Sal Castro, a teacher at Lincoln High School, one of five high schools who took part in the “blowouts,” a coordinated school walkout in 1968. In the wake of the blowouts, Castro was arrested and charged with 15 counts of conspiracy to disrupt public schools and 15 counts of conspiracy to disturb the peace. The charges were dropped in 1972.

That, in my view, is Matt Sedillo’s genius.  I don’t disagree with Greg Palast, when he assessed Sedillo as America’s most important political poet.  But our new generation comes out of a cauldron that is producing – can’t help but produce – an army of brilliant writers with a vision of a new world.  I think Sedillo himself says this in “El Sereno.”

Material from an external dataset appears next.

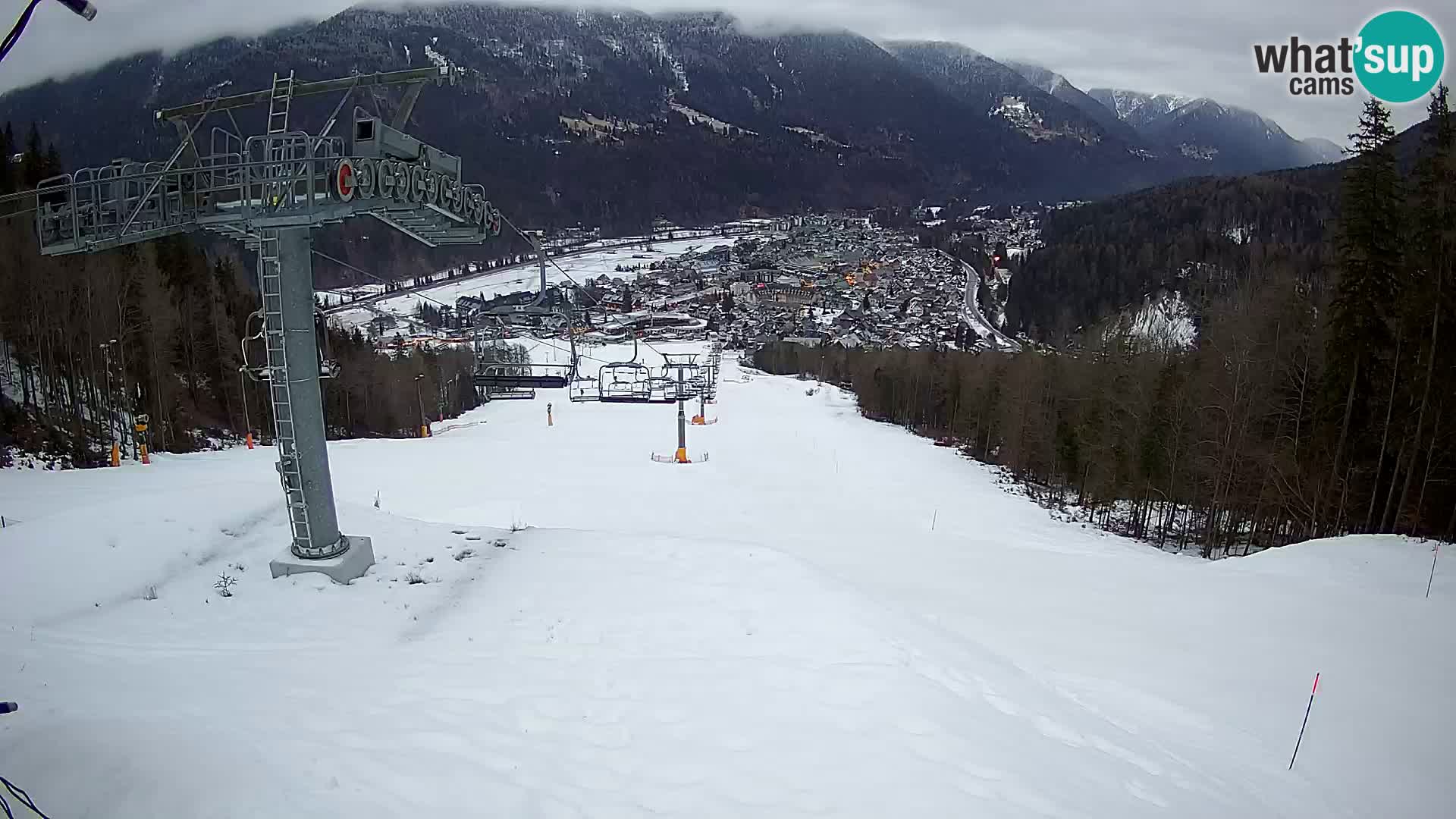 Kekec Kranjska Gora webcam LIVE – SKI Kranjska Gora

 “El Sereno” is one of my favorites in this collection, perhaps because the poet so concretely and vividly describes an area of Los Angeles I know well.  He speaks of the “industrial petrified forest,” and the people who worked there.  “As a child/ I could never quite/ Make the connection/Between the broken/ And empty bottles/ Across the steps/ And the broken and empty men/ Poured out the rust factories/From across the tracks,” he writes.  And there’s another, related  connection he could not make. His father “A prince among men/In a backward kingdom,”  Sedillo couldn’t make the connection “Between/ His fingers around my throat/And the anguish/In his chest.” It’s the same anguish he has explored in many of these poems, the same as the black bodies swinging in the Southern breeze.  In the face of all this, and perhaps because of all this, the poet is defiant, but more than defiant. He evokes the communist poet Roque Dalton’s “Como Tu” when he writes “I like You/Am made of stars/ You like me/So full of pain/Are brimming with genius/Listen to no one/Who would make you feel different.” 

Listen to no one who would make you feel different.